It was around 2010 when the Parr family seen an environmental health specialist, who found unusually high traces of specific natural gas related chemicals in their systems, including ethylbenzene and m,p-Xylene.

“We can’t drink our well water,” said Parr in 2011. “We can’t breathe the air without getting sick.”
Parr

The Parr’s filed their lawsuit on 17th september 2013. Item 16 states that as a result of UGEE operations the family suffered environmental contamination of air, water and soils as a result of sudden and continual chemical releases, spills, emissions and discharges of hazardous chemicals which lead to ailments including but not limited to unreasonable fear, impairment and exacerbation of physical health, nausea, loss of peace of mind, damage to livestock, and inability to enjoy their own environment.

Item 18 states that the environmental pollution facilitated by Aruba was as a result of operations related to UGEE including, but not limited to: Vehicles and engines, construction and trucking activity, pits, condensate tanks, dehydrators, flaring, venting, fugitive emissions and the hydraulic fracturing process, also known as fracking.

In the law suit, Item 21 states that the Parr family were under constant environmental abuse by Aruba and its discharge of chemicals, before Item 21 lists experienced health effects in more detail, including but not limited to: open sores around he eyes, nose and rest of body, permanent scarring, chronic nose bleeds, migranes, drowsiness, irregular heart beat, depression, ataxia, abdominal pains, arrhythmia, and anisocoria

Items 29-34 state clearly that Aruba Energy had performed their duties with negligence, which lead to the fact that the Parr family were able to come into contact with the hazardous chemicals.

Item 41 holds Aruba negligent towards the Parr family, before accusing Aruba in Item 44 of recklessness, oppression, fraud, malice and wilfulness to pollute the land with hazardous chemicals.
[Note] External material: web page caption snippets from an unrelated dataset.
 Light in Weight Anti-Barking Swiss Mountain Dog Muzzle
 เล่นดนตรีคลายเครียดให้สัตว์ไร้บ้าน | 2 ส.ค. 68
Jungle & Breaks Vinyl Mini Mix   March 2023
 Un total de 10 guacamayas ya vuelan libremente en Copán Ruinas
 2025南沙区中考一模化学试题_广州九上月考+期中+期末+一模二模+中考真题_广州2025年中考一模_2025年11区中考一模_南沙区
Item 29 to 75 state that the Parr family had suffered gross negligence, negligence, private nuisance and trespass to property. You can read the full legal document here.

After winning their case in court after a three year legal battle, the Parr family attributed some of their success to the fact that they documented their ordeal on a daily basis, documentation that supported their case in front of a jury. The Parr family expect Aruba to appeal the decision.
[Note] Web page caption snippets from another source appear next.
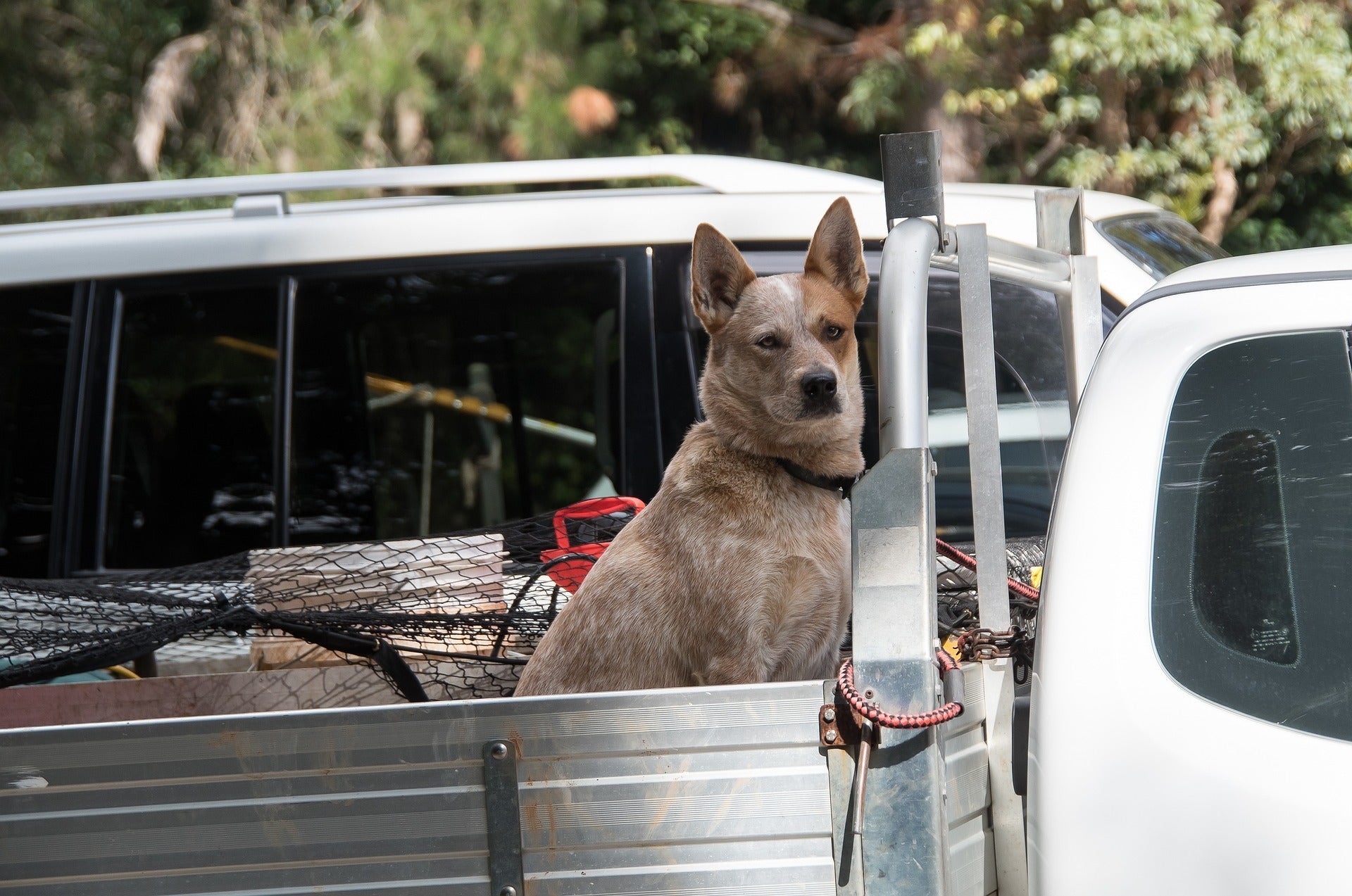 Flea control for dogs that ride in the ute a lot in New Zealand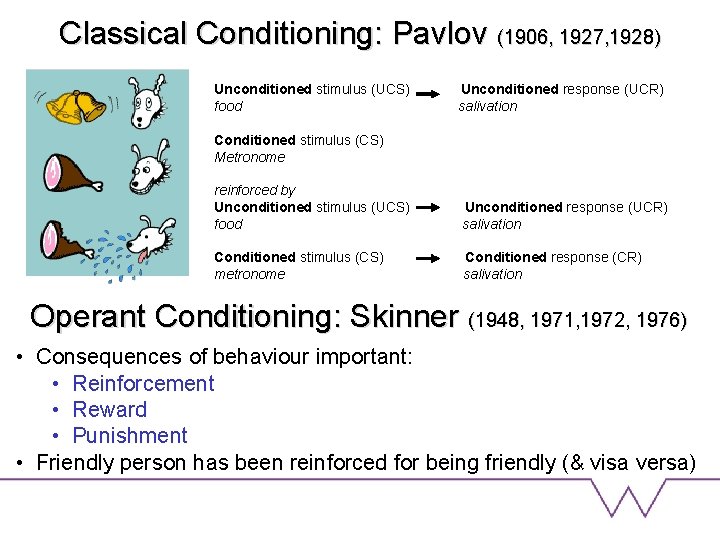 Classical Conditioning: Pavlov (1906, 1927, 1928) Unconditioned stimulus (UCS) food Unconditioned response (UCR) salivation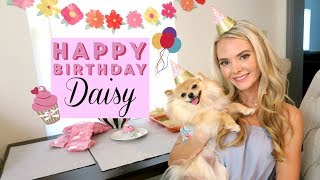POMERANIAN'S FIRST BIRTHDAY | Puppy Party with Fluffy Friends, Cake & Presents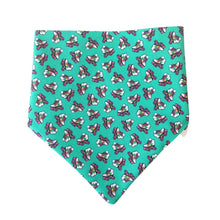 Load image into Gallery viewer, Dog bandana - Rollerskates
Wyoming ozone pollution exceeds U.S national limit due to gas drilling

Whilst public perception on the environmental risks of unconventional shale gas extraction has focused upon the negative impacts on water quality, less attention is paid to the risks of air pollution.
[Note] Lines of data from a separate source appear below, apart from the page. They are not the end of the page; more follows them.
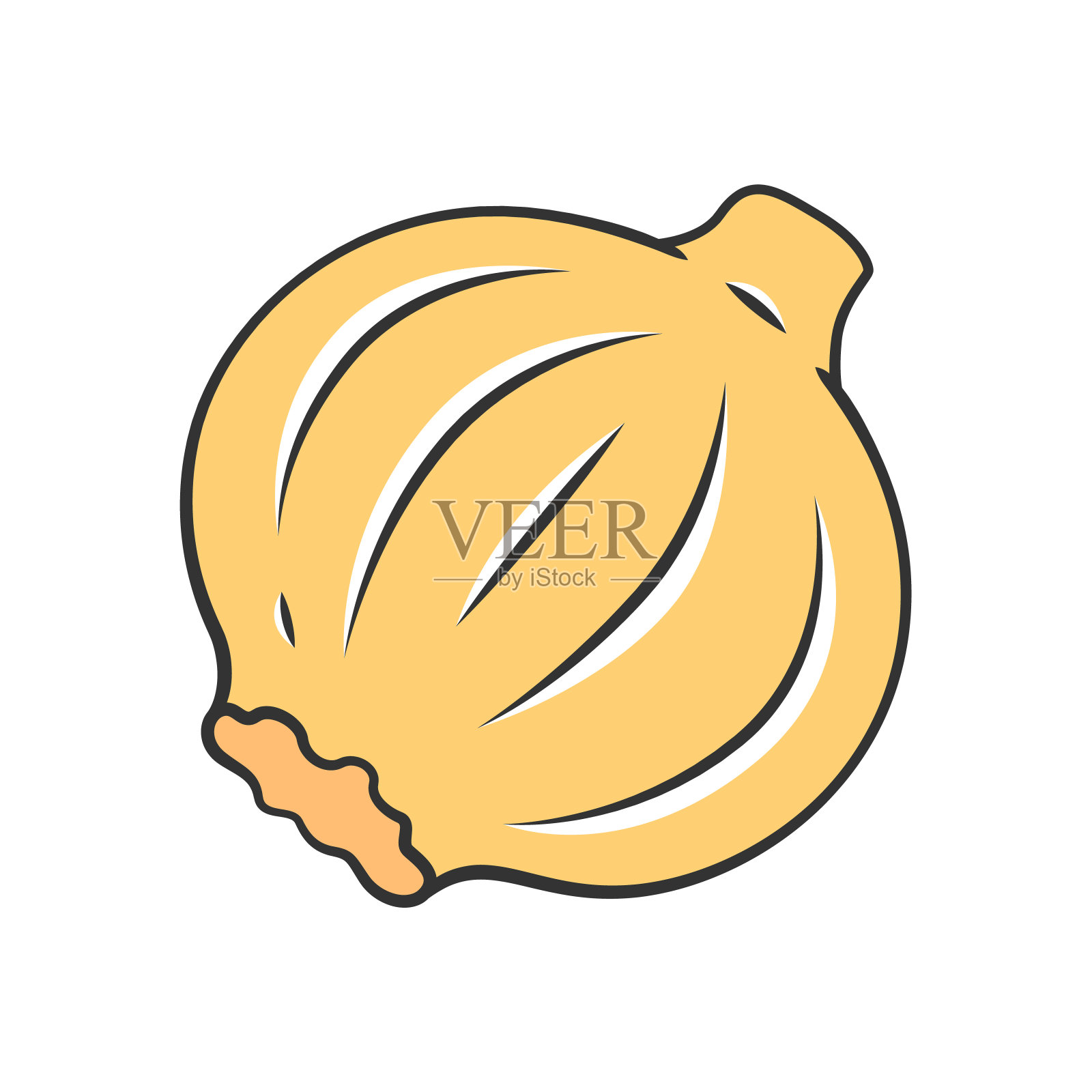 洋葱彩色图标插画图片素材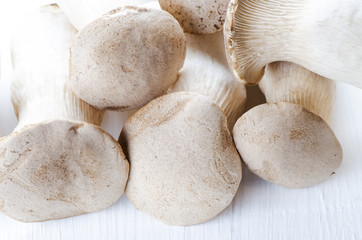 Mushrooms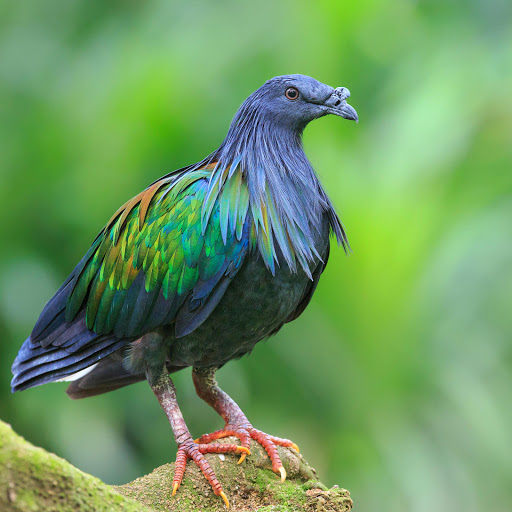 Hd-178237-ascw178237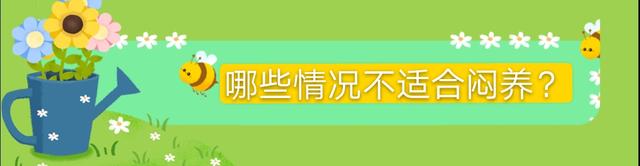 多肉玉露冬季不会养？教你闷养玉露，30天可以让玉露晶莹剔透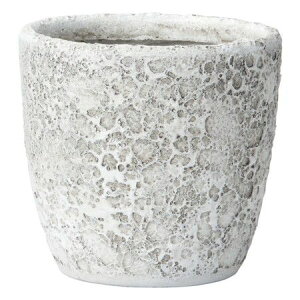 FV/M[T[NLLW/GF5133y01z K[fjOE|pi AؔEt[|bg OXt@Co[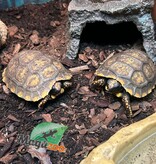 Magazoo Yellow-footed Tortoise (Baby 2025)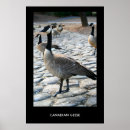 Search for canada goose posters Animals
Rural Wyoming, is known for its idyllic countryside. Yet, with the arrival of unconventional shale gas extraction, came a reduction in local air quality that to a state that exceeds that of the U.S. national average, and sometimes, the city of Los Angeles on its worst days.

Wyomming State
Wyomming State, where air pollution due to fracking operations has taken place.

U.S. National Ambient Air Quality Standards (NAAQS), introduced as a result of the Clean Air Act, dictate legal limits of pollutants deemed harmful to public health. Limits for ground level ozone are set at 75 parts per billion (ppb).

However in 2011, preliminary tests undertaken in Wyoming found levels of ozone reaching 124 ppb, two thirds above the NAAQS legal limit.

Californian almond farm ruined by fracking company operations

In January 2010, a farmer was awarded USD$8.5million damages by an unconventional shale gas extraction (USGE) company that had been found guilty of contaminating local waters that had accessed his farmland.

Farmer Fred Starrh of Kern County, California owns 6,000 acres of farmland that harvested pistachios, alfalfa, cotton and almonds.

Oil and Gas company Aera Energy are estimated to have dumped 2.4billion barrels of ‘produced’ fracking waste water into unlined percolation ponds on the edge of Mr Starrh’s land.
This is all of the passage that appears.